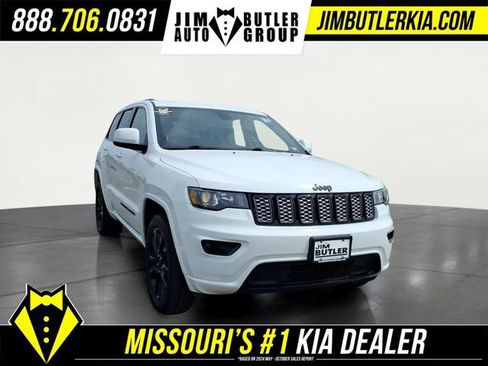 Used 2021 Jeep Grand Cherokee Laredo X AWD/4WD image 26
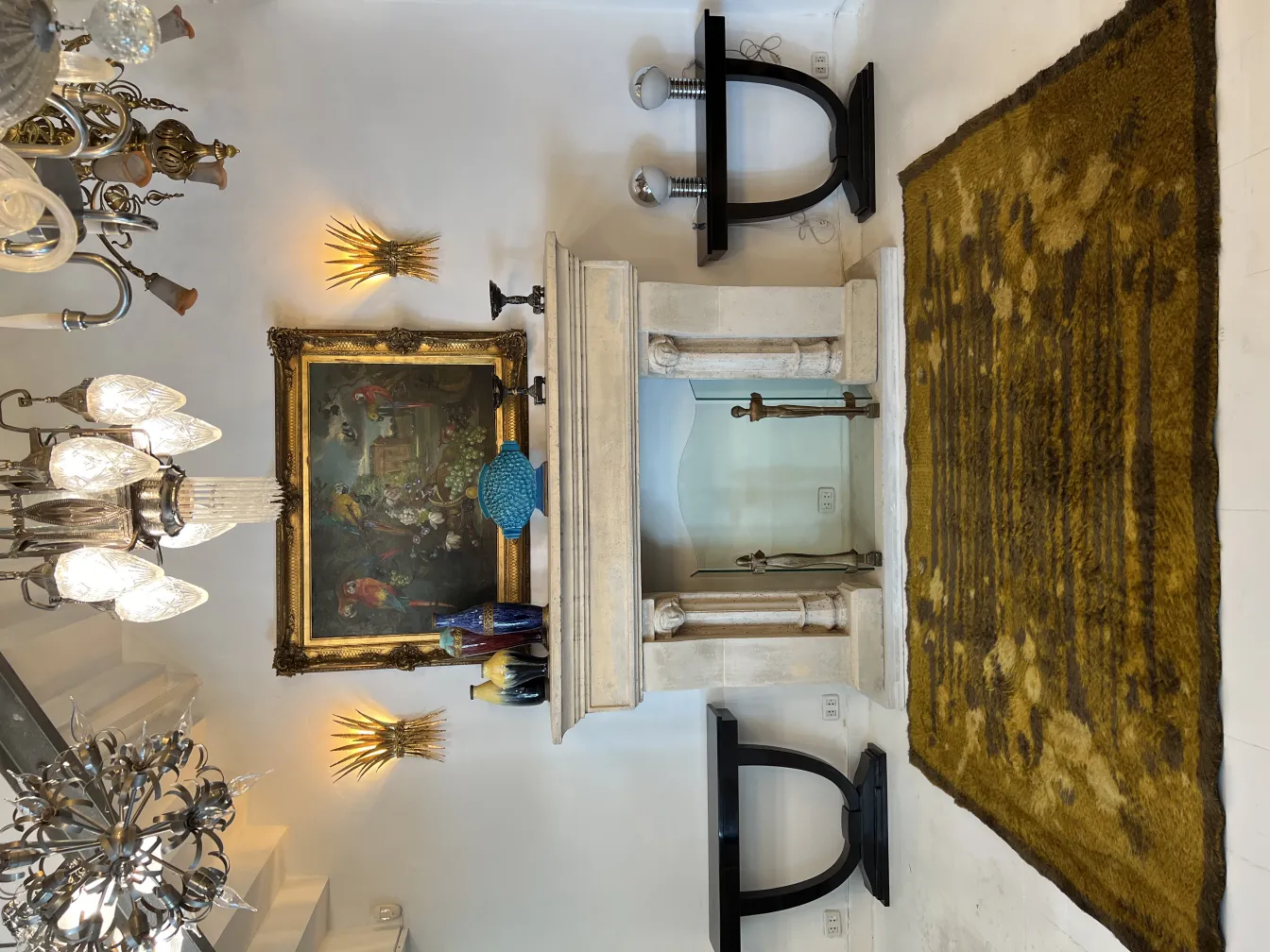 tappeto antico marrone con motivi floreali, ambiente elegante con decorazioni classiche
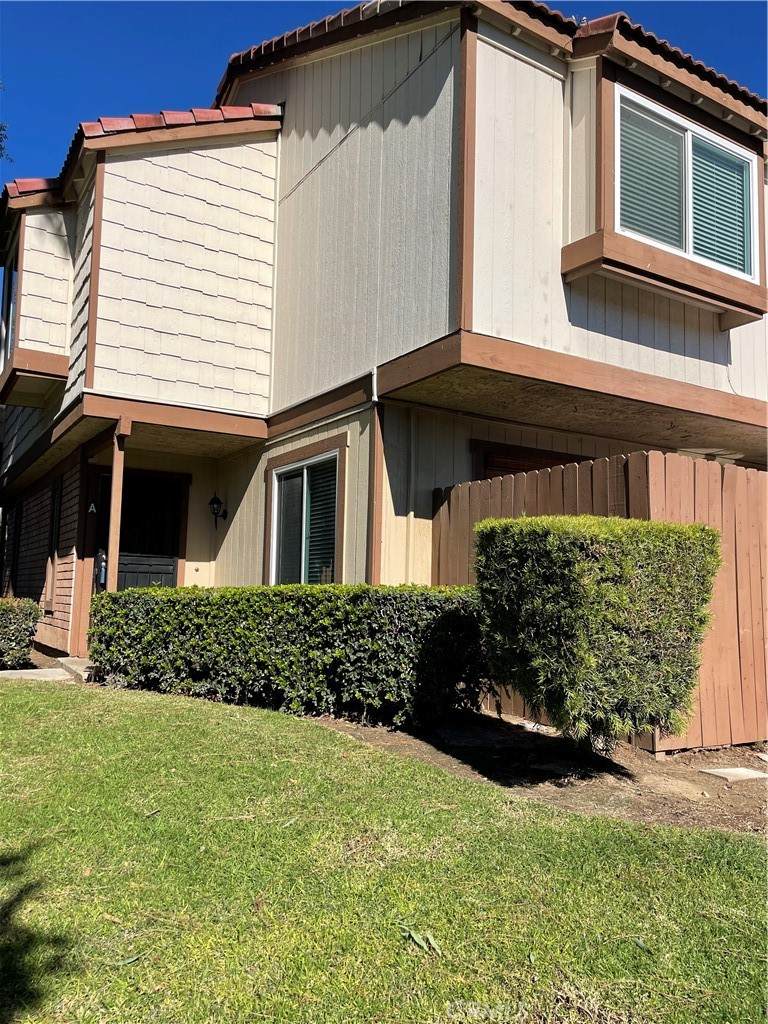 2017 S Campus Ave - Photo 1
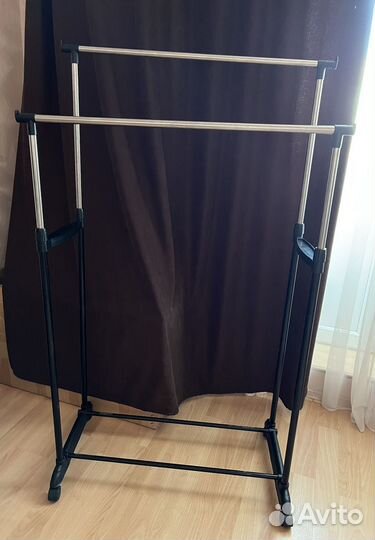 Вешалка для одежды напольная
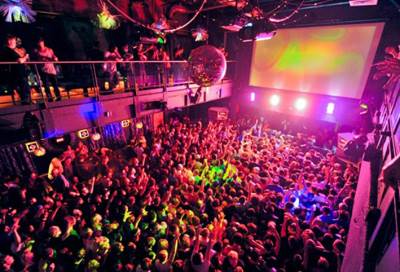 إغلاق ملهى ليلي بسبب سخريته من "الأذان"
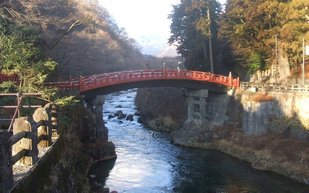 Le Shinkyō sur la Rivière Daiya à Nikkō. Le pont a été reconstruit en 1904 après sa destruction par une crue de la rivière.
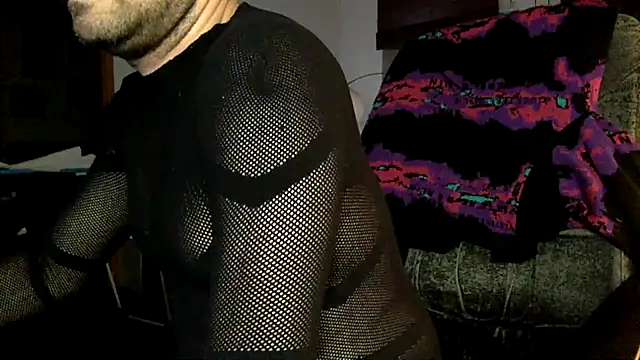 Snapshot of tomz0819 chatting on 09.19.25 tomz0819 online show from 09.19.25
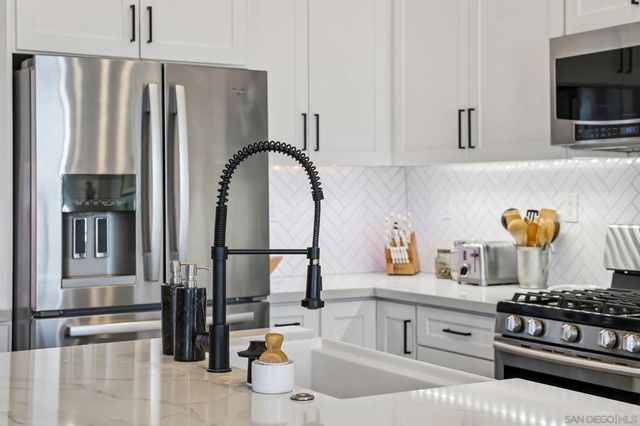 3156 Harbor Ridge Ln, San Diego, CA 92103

=======

## WHAT YOU SHOULD DO
For the entries above, print exactly the lines between the one with "Вешалка для одежды напольная" and the one with "Snapshot of tomz0819", inclusive, with no pictures.

## SOLUTION
 Вешалка для одежды напольная
 إغلاق ملهى ليلي بسبب سخريته من "الأذان"
 Le Shinkyō sur la Rivière Daiya à Nikkō. Le pont a été reconstruit en 1904 après sa destruction par une crue de la rivière.
 Snapshot of tomz0819 chatting on 09.19.25 tomz0819 online show from 09.19.25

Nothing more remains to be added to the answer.